# FreeBSD 10.3 won't boot on RECENT DELL 14 Generation systems



## dkline201 (Oct 8, 2019)

PROBLEM:
We are having a problem booting DELL R740xd and R640 (14 Generation systems) manufactured starting in July 2019 using a previously working standard FreeBSD 10.3 system disk.   R740xd systems built BEFORE July 2019 still boot FreeBSD 10.3 properly. 
SYMPTOM:
The system goes through the DELL POST screens, then starts reading the kernel into memory.  (UEFI and BIOS boot both fail with the same errors.)
The boot error shows as: “module_register:  cannot register pci/em from kernel; already loaded from if_em.ko Module pci/em failed to register:  17”
The same message repeats for pci/lem,   pci/igb,   pci/mrsas.
The system goes through RAID recognition properly, locating the VD0 drive. (only boot drive installed)

Loading /boot/defaults/loader.conf
System goes to FreeBSD Logo page – completes 9 second timeout
Loads /boot/kernel/kernel
Loads /boot/kernel/zfs.ko
Continues loading several other drivers OK
Loads /boot/kernel/smbus.ko
Loads /boot/kernel/aesni.ko (advanced Encryption)
Stops at BLUE “Booting…”
Starts to load FreeBSD 10.3-RELEASE-P29
Shows clang version 3.4.1
And then starts with the errors above
Then stops dead with “kernel trap 12 with interrupts disabled”
CAVEATS
We know that FreeBSD 10.3 will not even boot an installer USB drive. (crashes with the SAME errors)  FreeBSD 10.4 also crashes.
The FreeBSD image is completely standard – no modifications to the install image.
And to emphasize,  FreeBSD 10.3 was working fine until this last July build of the DELL PE R740 and R640.
FreeBSD 11.0 does NOT boot.   FreeBSD 11.1, 11.2, and 11.3 DO boot and install to SSD correctly.  But we are three/four months away from running our system with a newer version FreeBSD.  We are evaluating FreeBSD 12.1 as our next version of FBSD, however, until that work is done (FreeBSD 12.1 is officially released) we need FBSD 10.3 to continue to boot on these servers.
We ‘know’ that DELL does NOT support FreeBSD.  That is why we are asking for help from the Community.
FACTS
DELL documentation confirms a change on the motherboard in the DELL R740xd and DELL R640  in July of 2019,  but they will not confirm what the change was.   
We have tested every removable component, down to the CPUs.  ALL components from the newly manufactured servers DO work in the older motherboard manufactured before June 2019.   Components from the working old system will NOT boot FreeBSD 10.3 in the NEW system.
We are hoping the community can help us identify the issue and direct us to a possible solution for FBSD 10.3 until FBSD 12.1 is released.
Any help or advice would be welcome.


----------



## SirDice (Oct 8, 2019)

dkline201 said:


> The FreeBSD image is completely standard – no modifications to the install image.

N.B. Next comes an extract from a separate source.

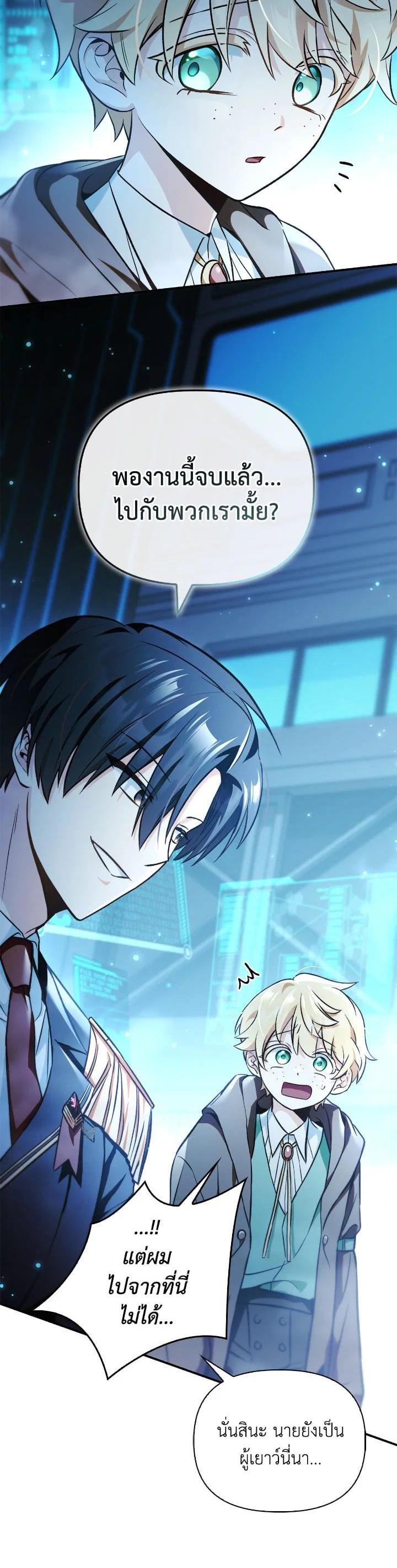 Regressor Instruction Manual คู่มือการใช้งานของนักข้ามเวลา ตอนที่ 104 แปลไทย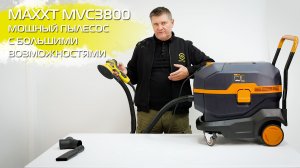 Промышленный строительный пылесос MAXXT MVC3800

It's not standard. For starters it's 10.3-RELEASE-p29, the standard install disk would have 10.3-RELEASE (without the patches). The standard install disk also doesn't load aesni(4) or smbus(4).


----------



## dkline201 (Oct 8, 2019)

Thanks for prompt reply,  and correcting me on two issues that I was not aware of.  Our programmer told me our build was 'standard'.
But your reply also reminded me of the one more test that I should run.   I think I made the post over complicated.
1. I created a clean installer USB, fresh from the archives, for FreeBSD 10.3.
2. When I put that installer USB into the pre-June R740,  it boots up to the installer routine, and allows me to create a boot SSD.
3. When I put that SAME USB into the July (updated) R740, it finds the USB, starts to boot, gets to the LOGO, runs a few lines,  and crashes with the "Kernel trap12 with interrupts disabled",  immediately after the line  "ACPI APIC Table: <DELLOE DELLOSE>
I did not see any of those previous pci/em, and so on, errors.  (attached image.png)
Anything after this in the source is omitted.